What you will do ▸ From the first line to the last, output the records exactly and drop any images.
----- Records supplied -----
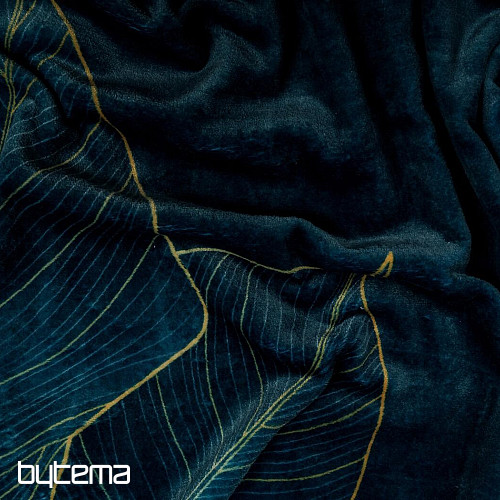 Ropa de cama de microfranela HOJAS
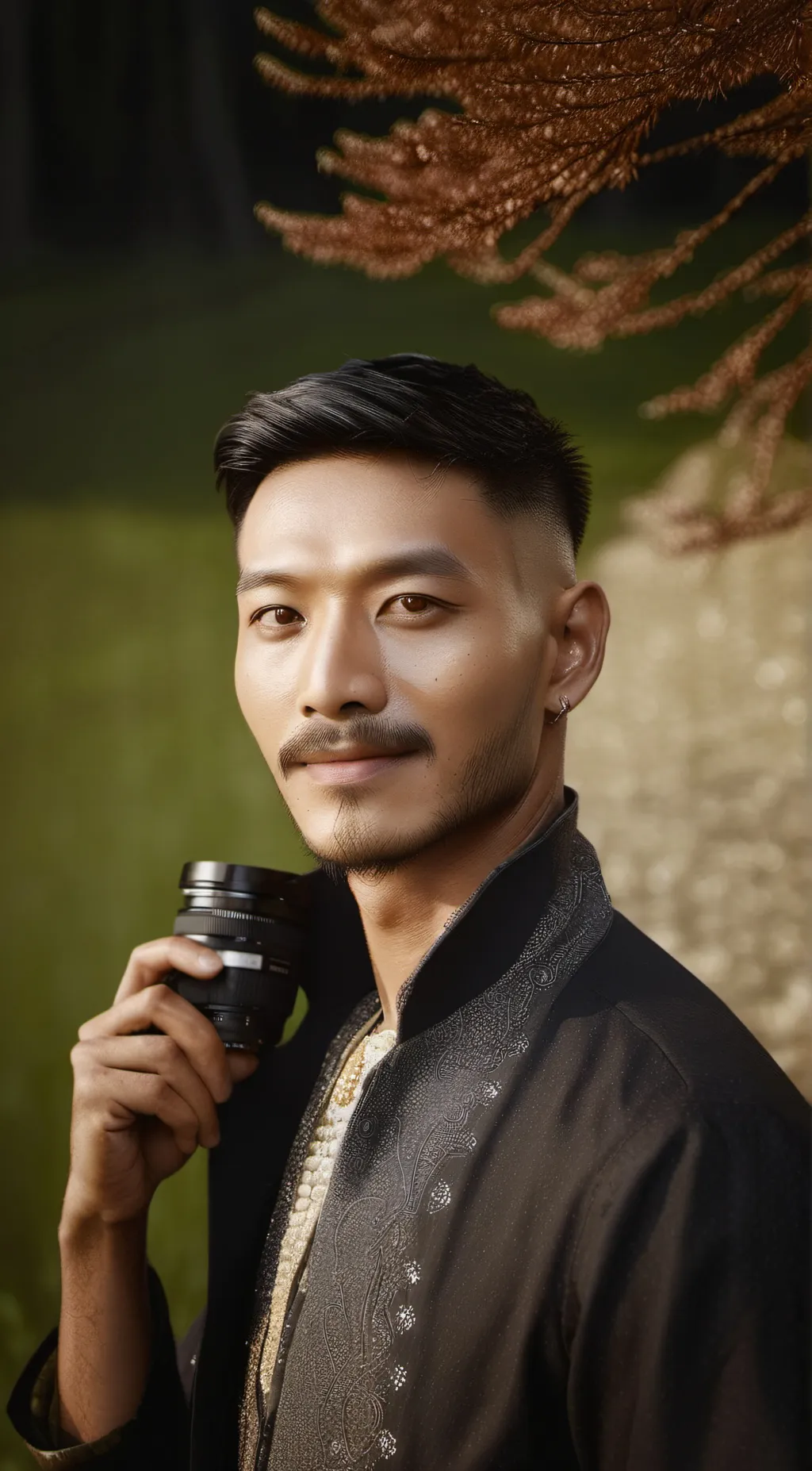 ai character: Hiroki background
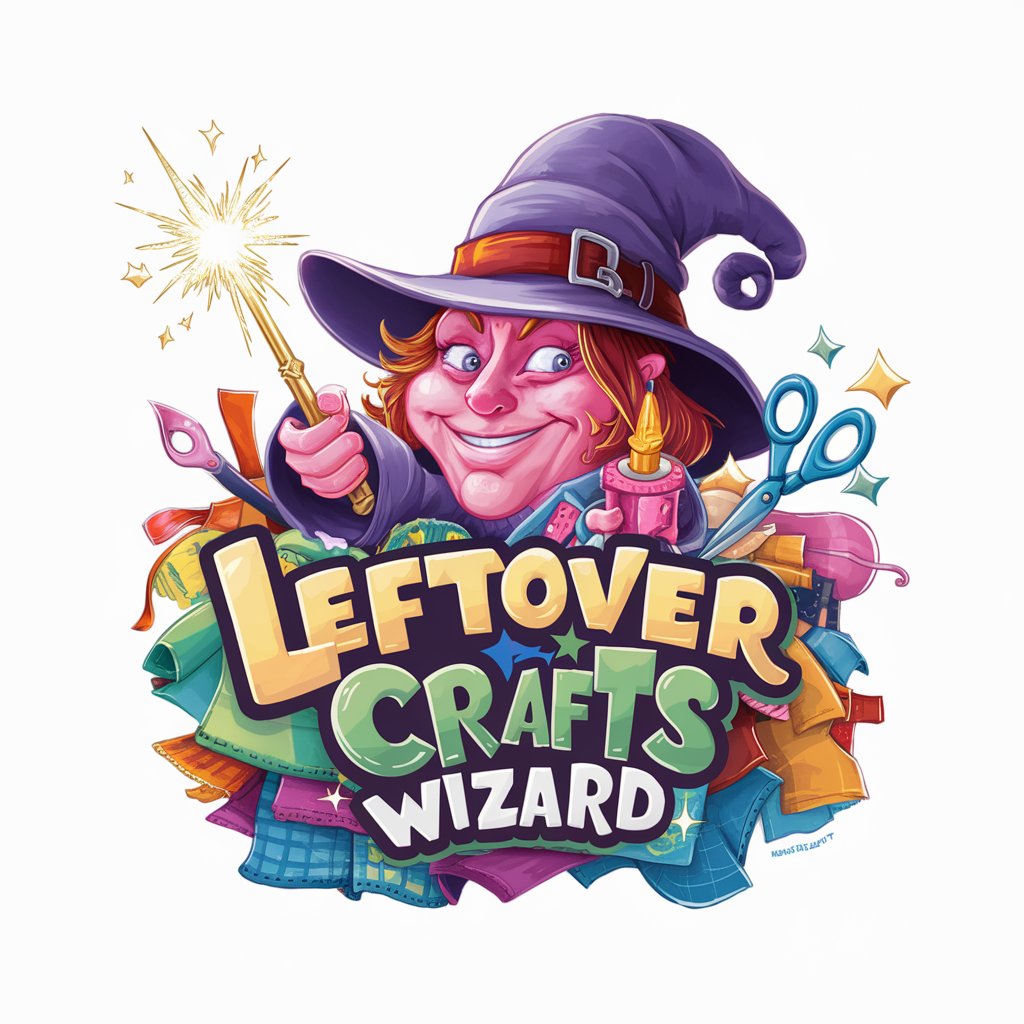 Leftover Crafts Wizard in GPT Store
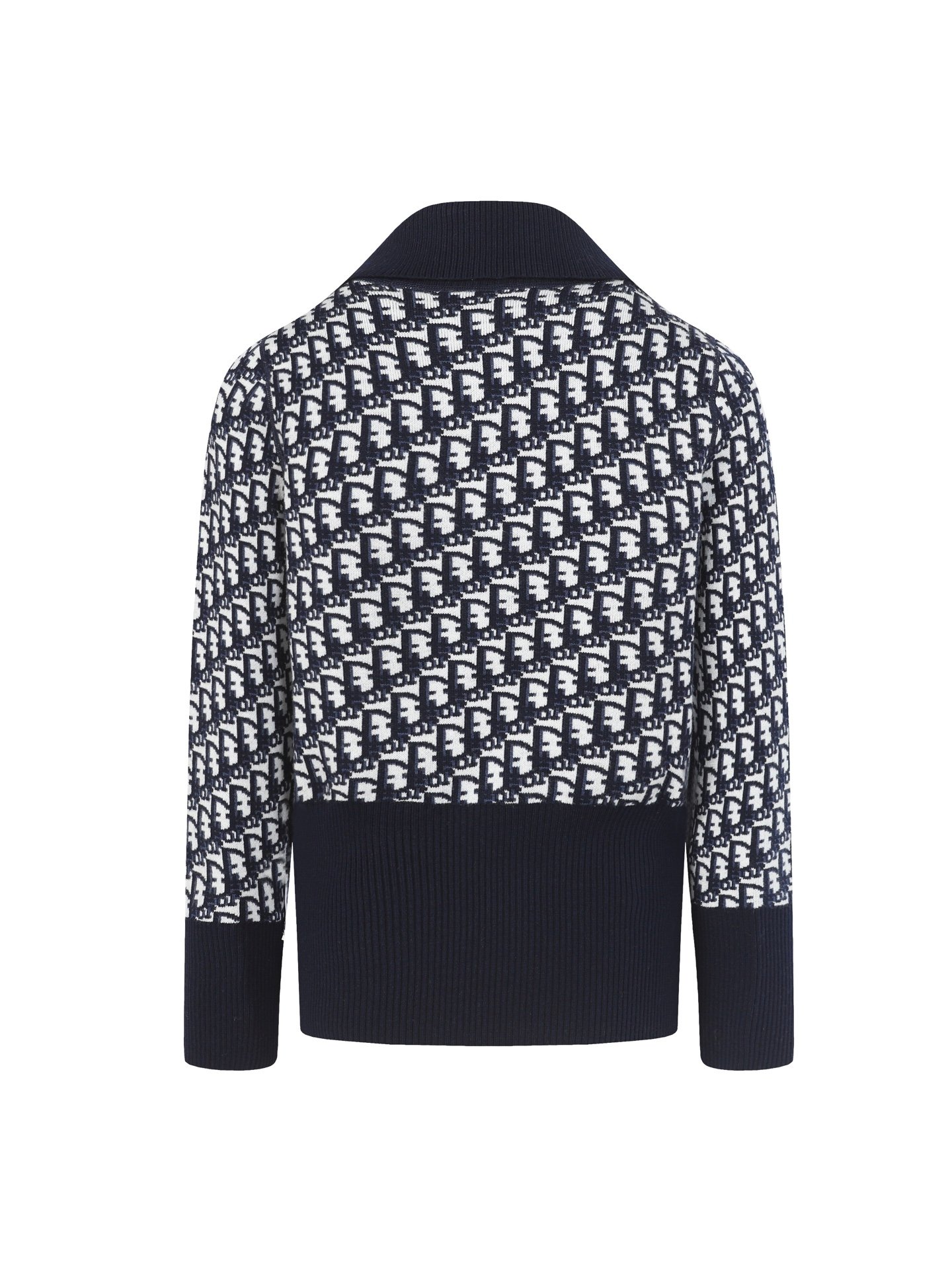 Gilet Dior Réversible Noir Beige Élégant et Polyvalent pour Homme – Image 2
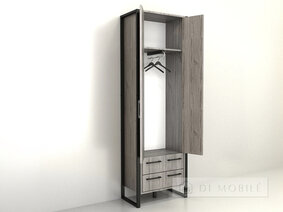 Шкаф "ЛШ (2 ящика) Лофт"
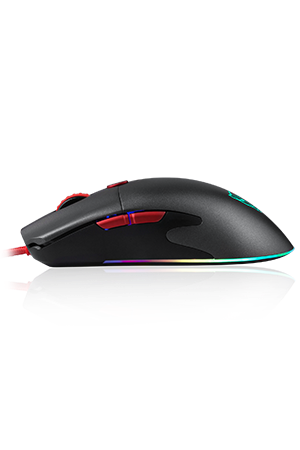 Chuột Gaming Motospeed V400 Black Red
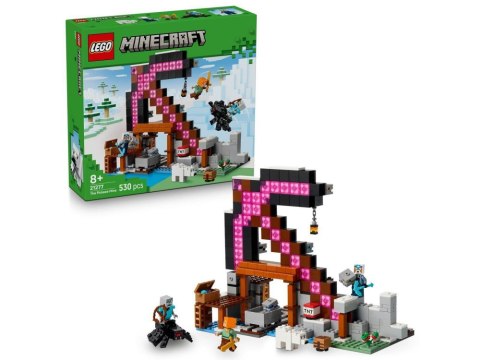 LEGO MINECRAFT Kilofowa kopalnia 21277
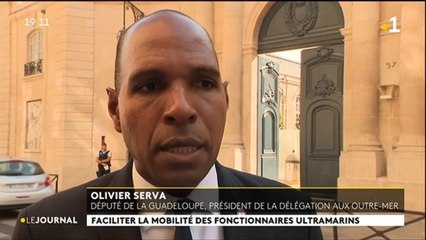 Olivier Serva, Député de Guadeloupe, président de la Délégation aux Outre-mer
-----
Output for this exercise ▸
 Ropa de cama de microfranela HOJAS
 ai character: Hiroki background
 Leftover Crafts Wizard in GPT Store
 Gilet Dior Réversible Noir Beige Élégant et Polyvalent pour Homme – Image 2
 Шкаф "ЛШ (2 ящика) Лофт"
 Chuột Gaming Motospeed V400 Black Red
 LEGO MINECRAFT Kilofowa kopalnia 21277
 Olivier Serva, Député de Guadeloupe, président de la Délégation aux Outre-mer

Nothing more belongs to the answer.